I’m blessed to have family that saw my potential to be great at art and encouraged me to go further. I’ve always felt like my mom, older sister, and grandma in particular have always wanted to see me grow as an artist from day 1, so there weren’t many times where I felt like it wasn’t a valid career choice. My grandma in particular was a living example that art could be profitable. Every time I visited her, we would always draw or paint together, and she would tell me about the pieces she was working on and who they were going to.
Once I truly started using social media, it became abundantly clear that artists were able to make a living off of their work. That meant it was possible for me, too.
Please tell us more about your work. We’d love to hear what sets you apart from others, what you are most proud of or excited about. How did you get to where you are today professionally. Was it easy? If not, how did you overcome the challenges? What are the lessons you’ve learned along the way. What do you want the world to know about you or your brand and story?

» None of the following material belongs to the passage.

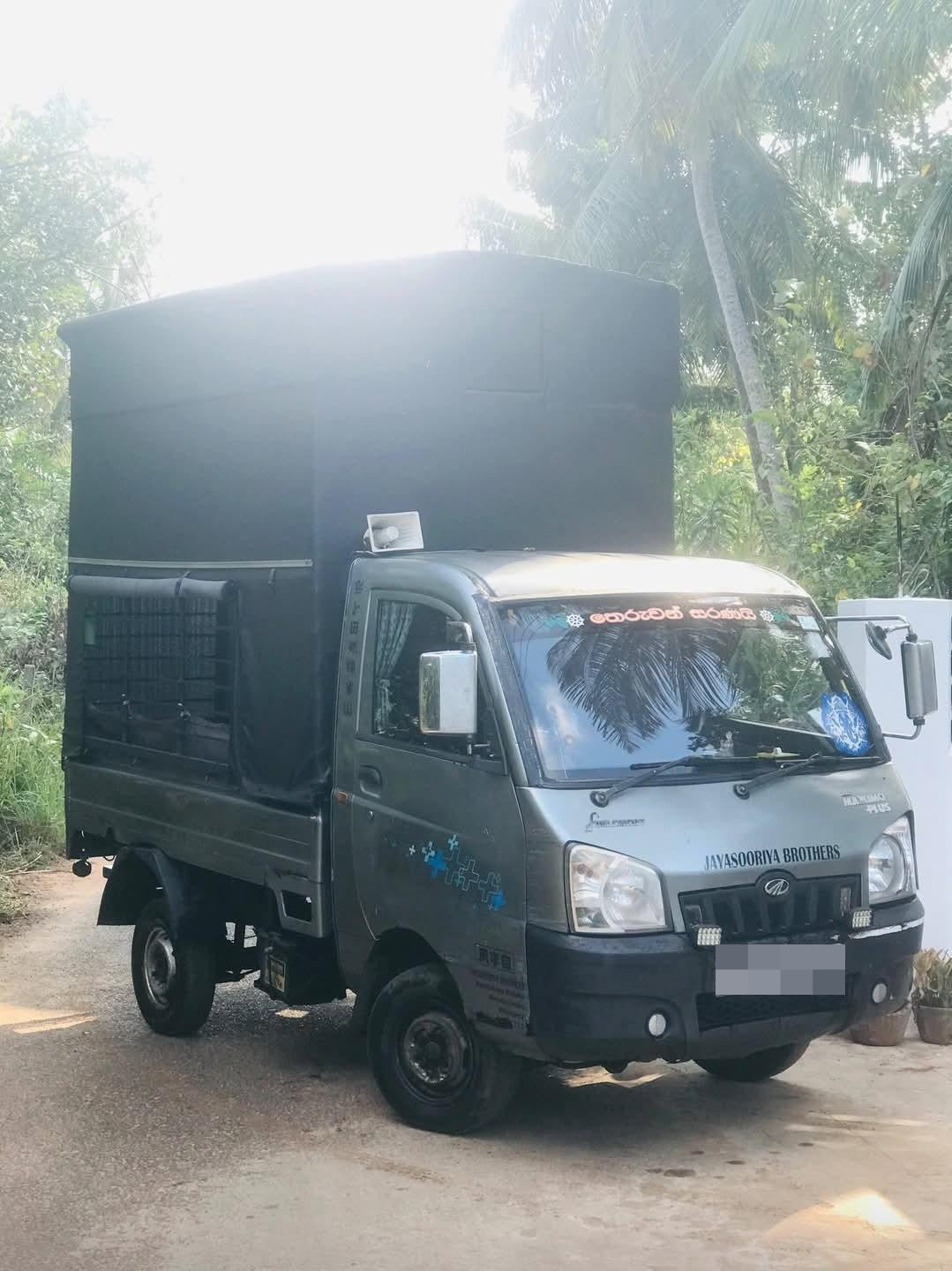 Mahindra Maxximo 2012 - Used Truck sale in Sri Lanka - patpat.lk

By the time I was in 5th grade, I had already made up my mind that I wanted my future to be in an artistic field. I was still experimenting with different things like animation, fashion design, and even film production at the time, so my options felt vast. By the time I entered middle school, I knew that I wanted to do something where I could just draw/paint my own scenes and characters. I did a lot of practice and studying in my free time about anatomy, color, and different drawing techniques. This was also around the time where I started to seriously post my work on Instagram and keep up with other contemporaries on the internet. I found out about artists having their own merchandise shops and monthly subscription services like Patreon, or taking commissions. It finally clicked to me that making money from my creative work was actually very feasible.

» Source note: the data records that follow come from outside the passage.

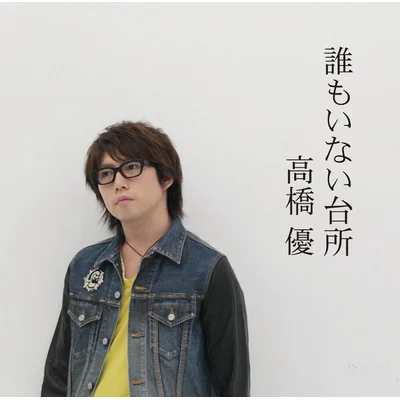 誰もいない台所(通常盤)
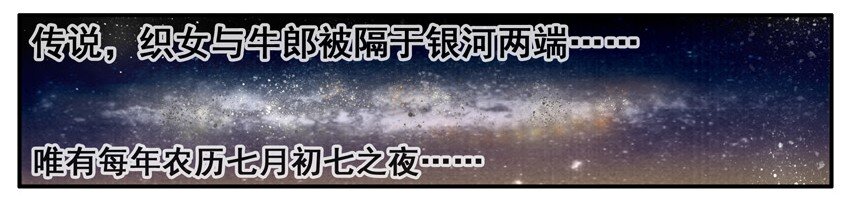 杀手古德韩漫全集-416 七夕无删减无遮挡章节图片 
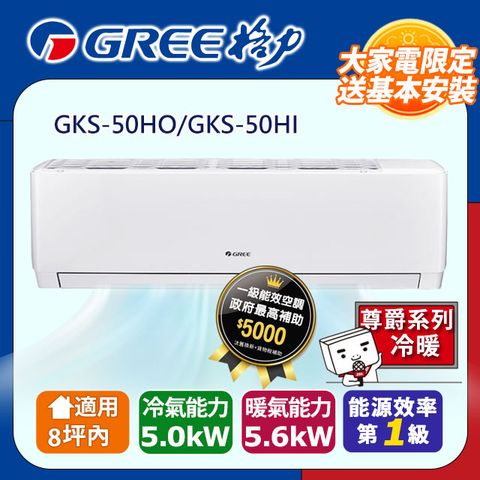 【GREE格力】變頻冷暖型分離式冷氣 GKS-50HO/GKS-50HI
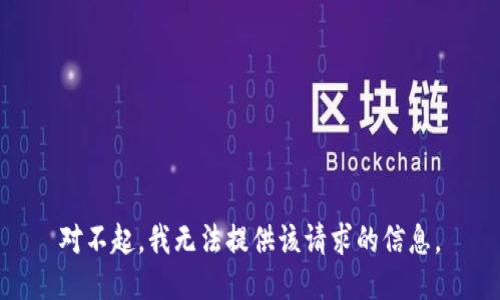 对不起，我无法提供该请求的信息。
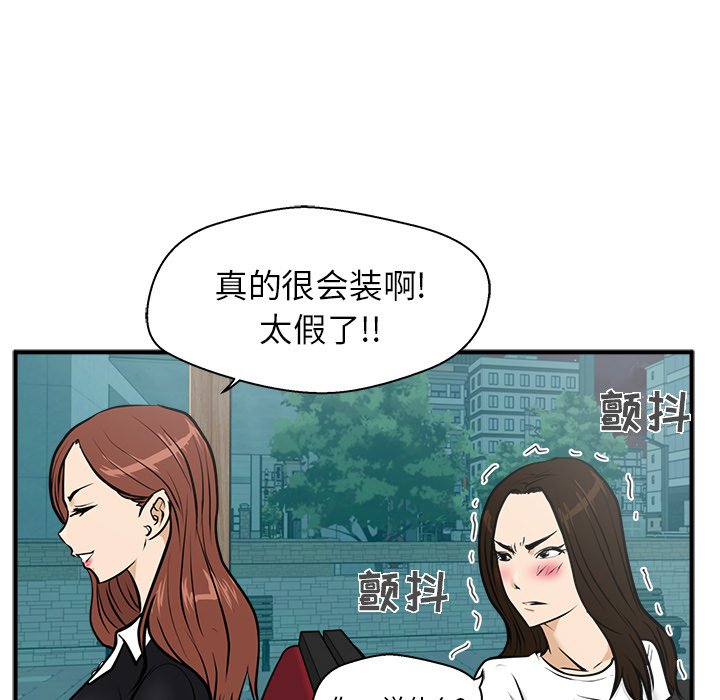 第24話 - 第86张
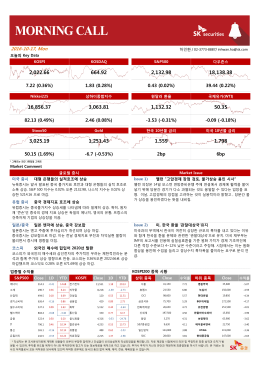 미 9월 ISM 제조업지수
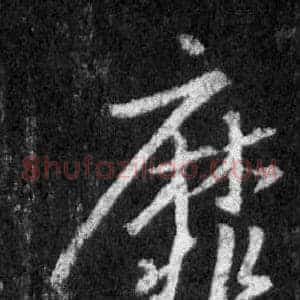 靡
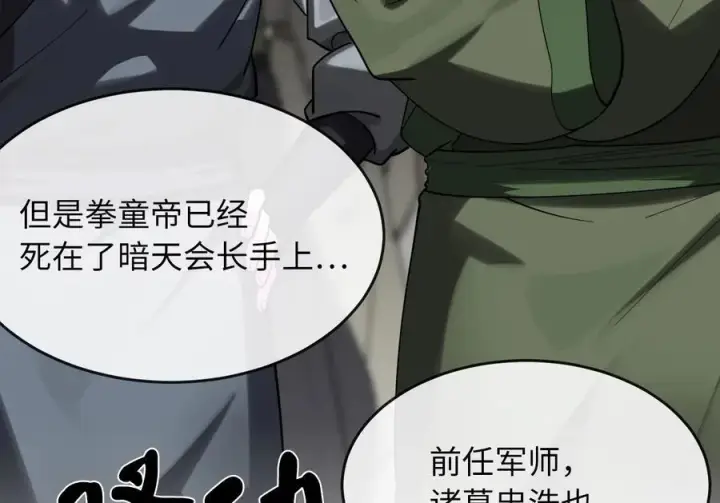 《废柴重生之我要当大佬》255.战后休整图7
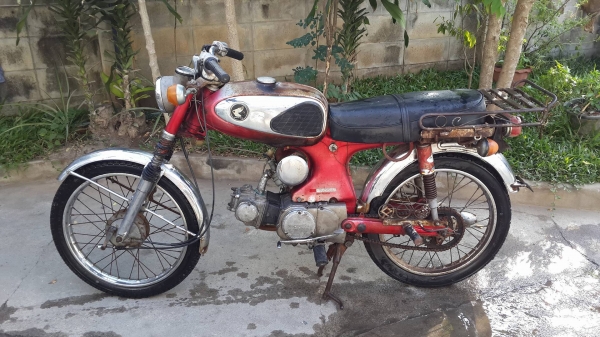 ขายs90ทะเบียนโอน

However, when I got to high school, I began to have slight doubts about the chances of me being a successful working artist. I was suddenly exposed to other students that seemed to be miles ahead of me; I felt so small. I went through some tough phases where I felt like I couldn’t produce anything unless it was perfect, or that no one was going to want to buy my work. I’m very fortunate to have met my art teacher, Mrs. Sahirah Dean, at just the right time in my artistic journey. She is the teacher that I am personally the closest with. She’s offered me plenty of guidance and support to try new things without the fear of failure clouding my vision. I felt like I was finally starting to improve again after a creative rut.
Nowadays, I truly feel I have not only developed my technical skill set, but my creative voice as well. Much of my work is very recognizable as my own unique style inspired by my interests and experiences. Taking AP level art classes has given me the opportunity to truly dive deep into the themes I want to portray in my serious work, such as the importance of mental health. Even in my not so serious pieces, there are still bits of me that you can pinpoint, such as my signature pastel color palette, or the way I draw eyes. A lot of my current inspiration comes from really “girly” and childish aesthetics, anime, and nature. I used be interested in doing more realistic portrayals of people, but now I find doing that kind of work a little boring. It’s heartwarming to know that there are people who find pieces of their own interests in my work.
Any places to eat or things to do that you can share with our readers? If they have a friend visiting town, what are some spots they could take them to?
I’m actually not too brushed up on all the hot spots of Atlanta yet! I do have some go-to comfort spots I enjoy, though. I would of course recommend a visit to the aquarium or the High museum. I also just enjoy walking through midtown and stumbling into random stores and eateries that look interesting. Six Flags is a good place to have fun. Another fun spot I like that’s a little more niche is Skate Along USA. I love the vibes there; it just reminds me so much of childhood, and everyone is always having a good time skating to good music. But really in all honesty, we would probably both just find some new place to try together since I don’t know too many.
Shoutout is all about shouting out others who you feel deserve additional recognition and exposure. Who would you like to shoutout?
I credit a lot my artistic success to my supportive family members, such as my mom and older sister, who have always encouraged me to think outside of the box and continue doing my own thing. I also hold a lot of respect for my art teachers, especially Mrs. Sahirah Dean, for offering me guidance and space to foster my growth as an artist.